# Trails Zwischen Vogelsang und Rabenstein



## Schoppi11 (21. Januar 2020)

Servus miteinander,

Bald werde ich eine neue Heimat ( Edenstetten/Bernried/Deggendorf ) ziehen. Hirschenstein / Geißkopf kenn ich mich schon aus. Jedoch könnte es doch, wie im Thema beschrieben, ab Vogelsang bis Rabstein möglich sein das es in dem Gebiet auch einige Trails gibt. Gibt es hier im Forum Anwohner die begeisterte Enduroisten sind und mir vielleicht helfen können. Wäre sehr dankbar. Anbei noch ein TOPO Bild. Danke im Voraus.


----------



## tomke (22. Januar 2020)

Servus, ein paar Trails gibts da schon in dem Gebiet. Vorallem rund um den Vogelsang. Einfach an den Wanderwegen orientieren.
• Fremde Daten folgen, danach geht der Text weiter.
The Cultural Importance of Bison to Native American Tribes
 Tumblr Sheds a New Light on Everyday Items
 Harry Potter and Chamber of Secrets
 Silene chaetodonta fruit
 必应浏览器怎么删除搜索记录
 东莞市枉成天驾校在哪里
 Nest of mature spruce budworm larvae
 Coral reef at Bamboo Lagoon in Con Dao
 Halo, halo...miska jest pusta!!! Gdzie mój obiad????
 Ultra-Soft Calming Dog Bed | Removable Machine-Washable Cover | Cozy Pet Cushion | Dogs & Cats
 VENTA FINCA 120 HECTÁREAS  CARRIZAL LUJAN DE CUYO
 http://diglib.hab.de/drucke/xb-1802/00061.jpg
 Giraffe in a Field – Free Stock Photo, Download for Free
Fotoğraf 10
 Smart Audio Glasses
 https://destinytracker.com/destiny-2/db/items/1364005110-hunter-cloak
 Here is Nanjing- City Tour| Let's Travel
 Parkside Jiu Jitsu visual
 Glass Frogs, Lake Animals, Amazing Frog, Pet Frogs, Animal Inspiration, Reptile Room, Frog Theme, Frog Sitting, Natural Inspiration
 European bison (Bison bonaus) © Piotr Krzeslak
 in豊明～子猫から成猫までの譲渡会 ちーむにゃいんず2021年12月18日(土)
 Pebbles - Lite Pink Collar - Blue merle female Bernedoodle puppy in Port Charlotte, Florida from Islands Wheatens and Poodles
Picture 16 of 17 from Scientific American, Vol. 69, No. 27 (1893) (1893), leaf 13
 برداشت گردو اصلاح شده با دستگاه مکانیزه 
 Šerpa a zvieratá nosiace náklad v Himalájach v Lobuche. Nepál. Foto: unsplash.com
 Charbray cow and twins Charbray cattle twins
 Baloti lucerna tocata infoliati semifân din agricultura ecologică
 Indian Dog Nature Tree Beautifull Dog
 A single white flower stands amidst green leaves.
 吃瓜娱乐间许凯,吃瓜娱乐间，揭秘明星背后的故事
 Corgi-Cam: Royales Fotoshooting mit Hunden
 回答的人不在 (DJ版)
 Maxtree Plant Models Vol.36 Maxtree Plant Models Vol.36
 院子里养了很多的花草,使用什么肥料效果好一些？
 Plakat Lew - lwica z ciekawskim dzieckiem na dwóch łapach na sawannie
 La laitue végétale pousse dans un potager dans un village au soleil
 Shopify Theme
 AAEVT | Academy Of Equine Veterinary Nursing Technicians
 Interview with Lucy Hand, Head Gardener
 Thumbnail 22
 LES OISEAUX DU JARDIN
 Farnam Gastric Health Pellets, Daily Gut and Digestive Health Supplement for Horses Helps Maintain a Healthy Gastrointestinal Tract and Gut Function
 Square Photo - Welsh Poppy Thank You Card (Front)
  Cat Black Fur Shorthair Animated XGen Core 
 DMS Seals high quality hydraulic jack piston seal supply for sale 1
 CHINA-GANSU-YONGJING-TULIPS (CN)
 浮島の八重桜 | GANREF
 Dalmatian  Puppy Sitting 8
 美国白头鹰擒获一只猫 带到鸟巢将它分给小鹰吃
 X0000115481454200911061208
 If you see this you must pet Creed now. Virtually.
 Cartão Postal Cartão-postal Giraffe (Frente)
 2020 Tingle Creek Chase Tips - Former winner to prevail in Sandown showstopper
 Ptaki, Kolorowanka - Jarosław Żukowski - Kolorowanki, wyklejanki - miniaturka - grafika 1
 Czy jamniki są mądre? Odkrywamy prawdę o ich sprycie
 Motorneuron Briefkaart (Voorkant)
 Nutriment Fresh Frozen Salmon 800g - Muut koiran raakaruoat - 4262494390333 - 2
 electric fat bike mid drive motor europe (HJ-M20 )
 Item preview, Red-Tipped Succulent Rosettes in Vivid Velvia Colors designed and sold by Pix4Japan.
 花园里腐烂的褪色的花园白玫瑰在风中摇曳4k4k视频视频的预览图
Ein paar Touren kannst du hier finden: https://www.skiundbike.de/index.php?site=gpsies.php
mfg Tom


----------



## MTB-News.de




----------



## calsian (7. März 2020)

Hab neulich ne Tour in dem Gebiet gemacht, bin aber einfach nur spontan drauf losgefahren, dementsprechend war das meiste Forststraße.

Vom Vogelsang runter gabs aber eine richtig geile Abfahrt, das war mein Tageshighlight


----------



## tomke (18. März 2020)

Ja, das ist der 8er-Wanderweg.


----------